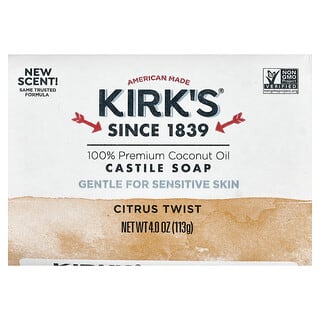 Kirk's, 100% Premium Coconut Oil Castile Bar Soap, Citrus Twist, 4 oz (113 g)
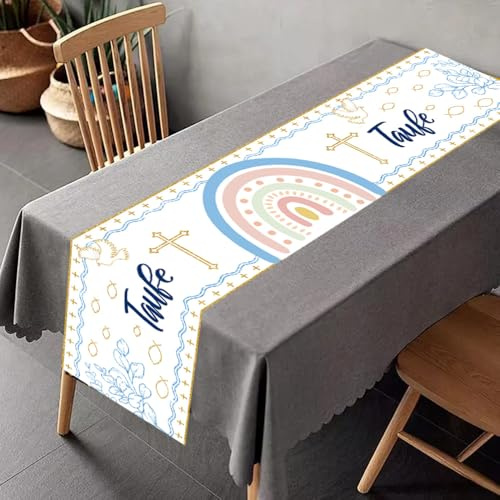 Tischläufer Taufe Deko 180x35 - Tischdeko für Kommunion und Konfirmation mit Eukalyptus Design, Festliche Tischdekoration in Gold für Firmung, Erstkommunion Junge Mädchen, Tischläufer Eukalyptus Deko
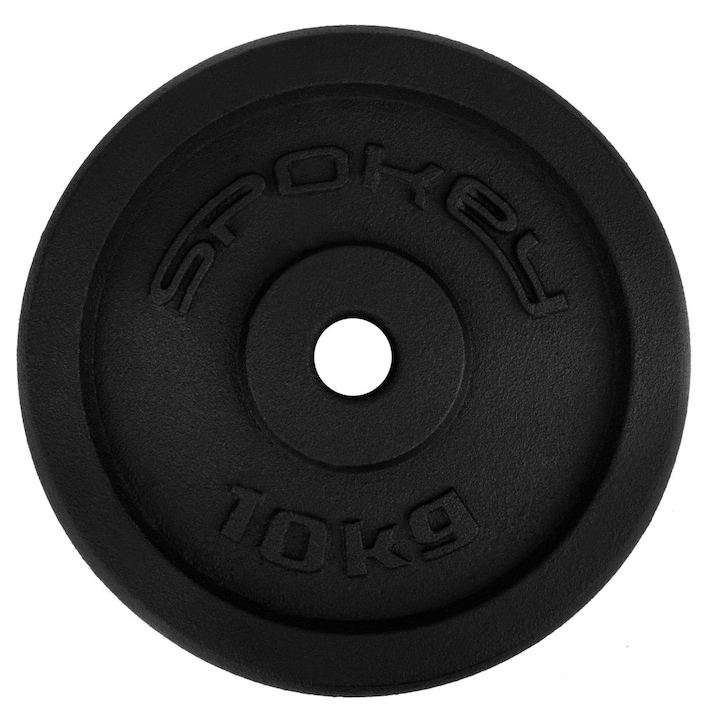 Disc haltere, Spokey, Fonta, 10kg, Negru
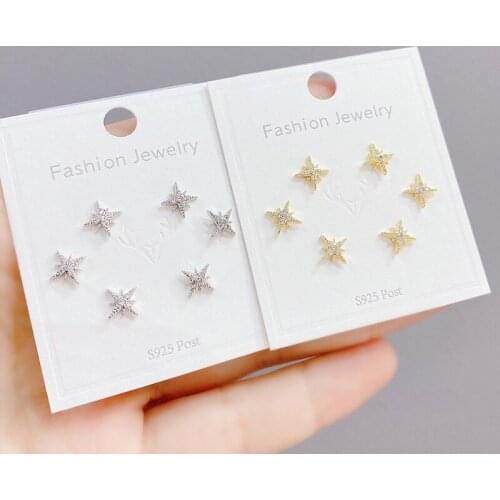 New Fashion cubic zircon Cute Exquisite Star Stud Earrings Sets Gold Sliver 6 Pcs Earrings Set For Women Jewelry Gift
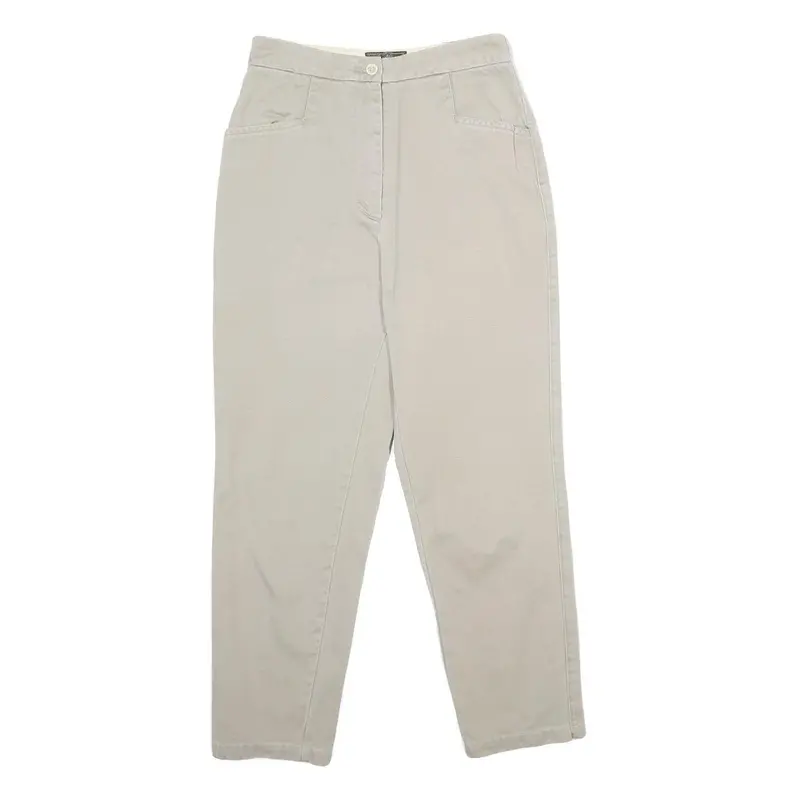 Bensisnon Womens Beige Regular Fit Straight Trousers W24 L27 Classic Zip Pocket 1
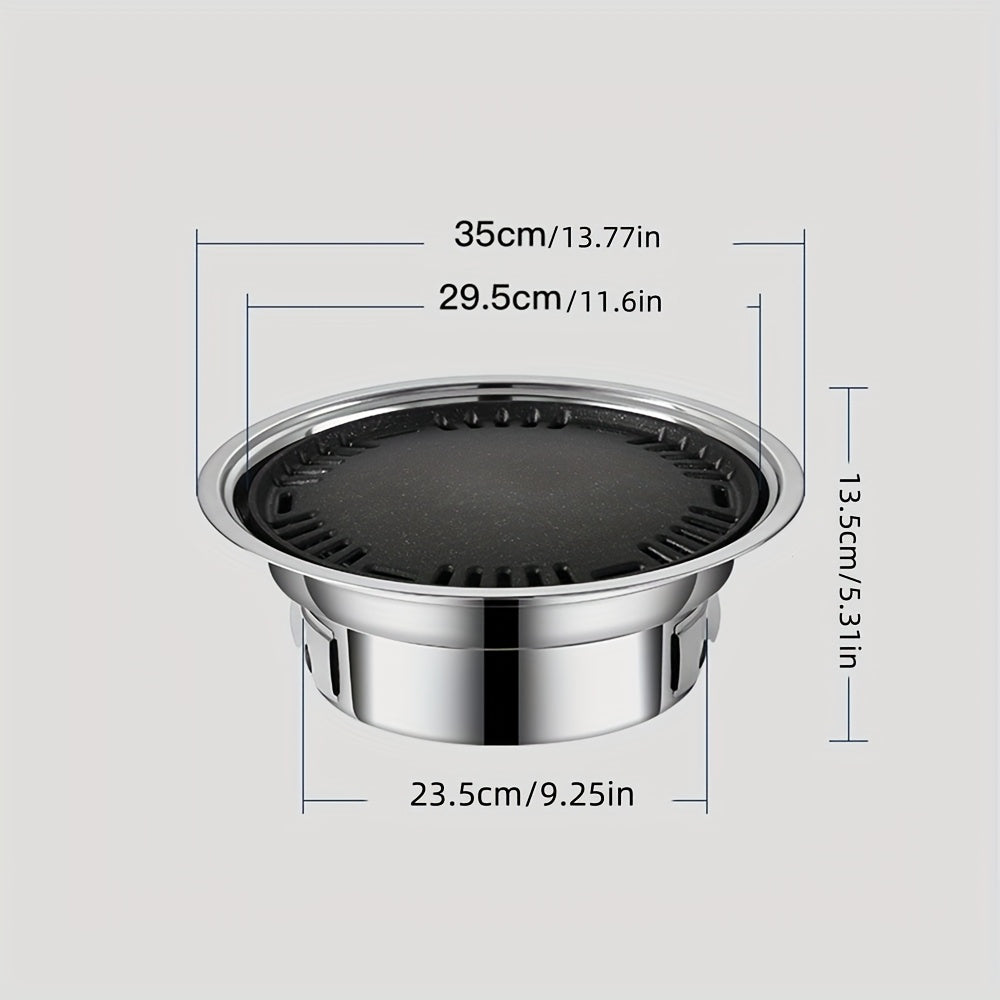 Sayohat uchun mo'ljallangan, tashqarida yurish va oshxona uchun ideal bo'lgan portativ stainless steel BBQ grill. Non-stick, go'sht va sabzavotlarni grill qilish uchun mukammal.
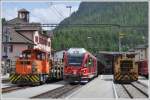 Tm 2/2 113, R1652 ABe 8/12 3501 und Gm 4/4 242 in Pontresina.(21.06.2012)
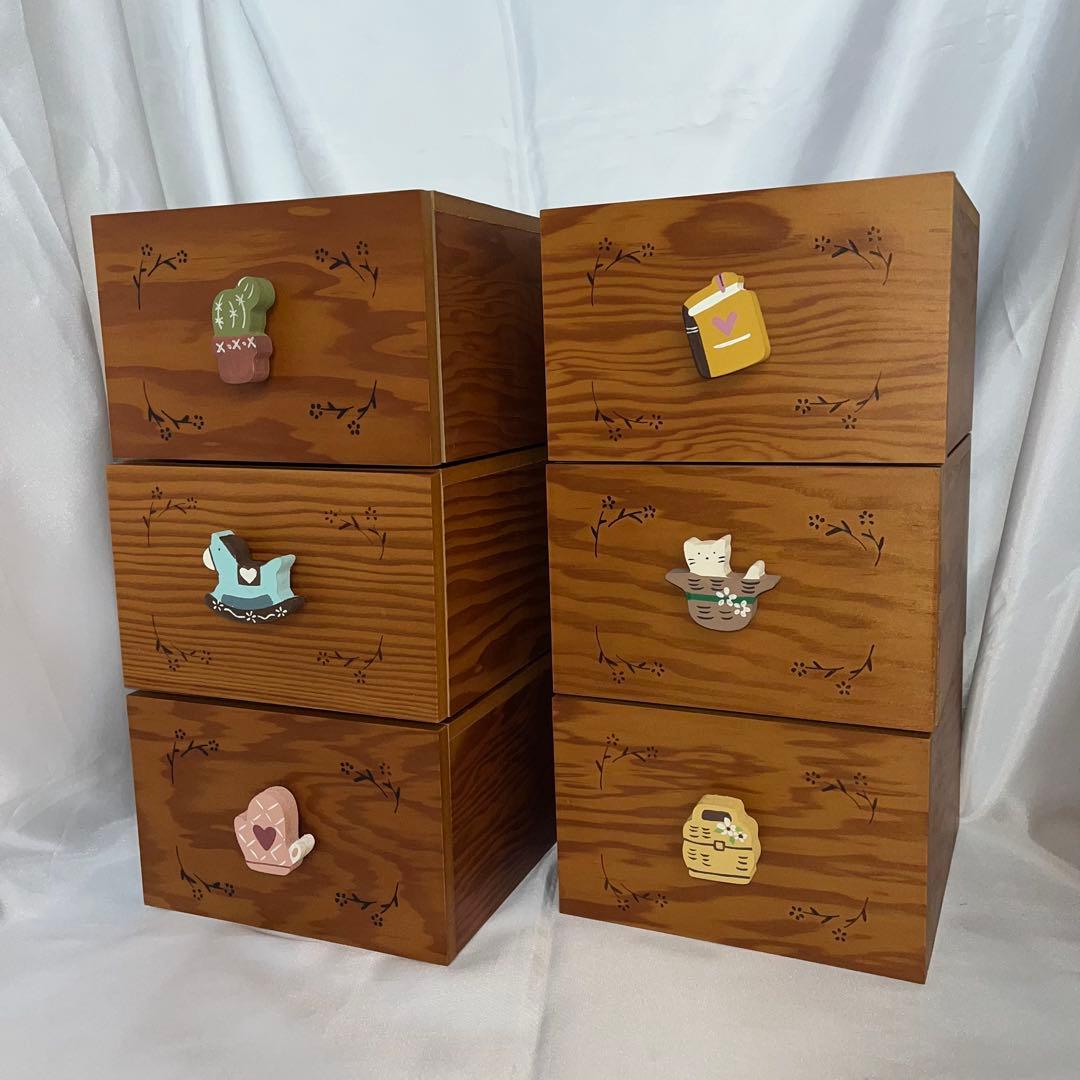 【新品未使用】木製小物入れ 6点セット レトロ 収納ケース 引き出し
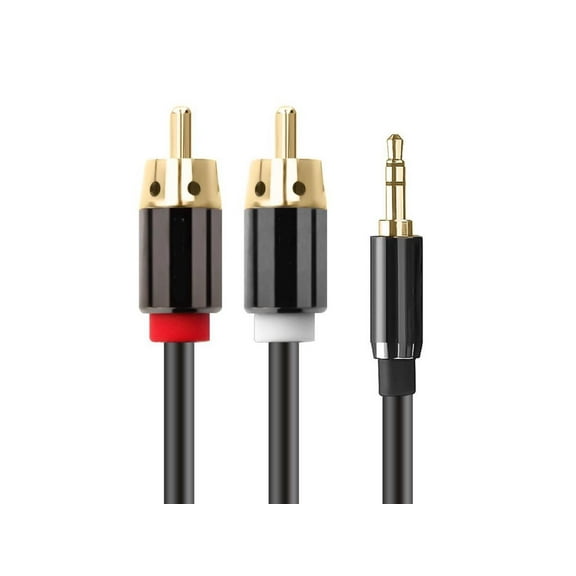 Basics 3.5mm to 2-Male RCA Adapter Audio Stereo Cable Audio input and output line of mobile phone audio amplifier(6.6 ft.)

══════════

Copy exactly the lines from the one containing "New Fashion cubic" through the final line of the records above, both included, and leave out any pictures.

 New Fashion cubic zircon Cute Exquisite Star Stud Earrings Sets Gold Sliver 6 Pcs Earrings Set For Women Jewelry Gift
 Bensisnon Womens Beige Regular Fit Straight Trousers W24 L27 Classic Zip Pocket 1
 Sayohat uchun mo'ljallangan, tashqarida yurish va oshxona uchun ideal bo'lgan portativ stainless steel BBQ grill. Non-stick, go'sht va sabzavotlarni grill qilish uchun mukammal.
 Tm 2/2 113, R1652 ABe 8/12 3501 und Gm 4/4 242 in Pontresina.(21.06.2012)
 【新品未使用】木製小物入れ 6点セット レトロ 収納ケース 引き出し
 Basics 3.5mm to 2-Male RCA Adapter Audio Stereo Cable Audio input and output line of mobile phone audio amplifier(6.6 ft.)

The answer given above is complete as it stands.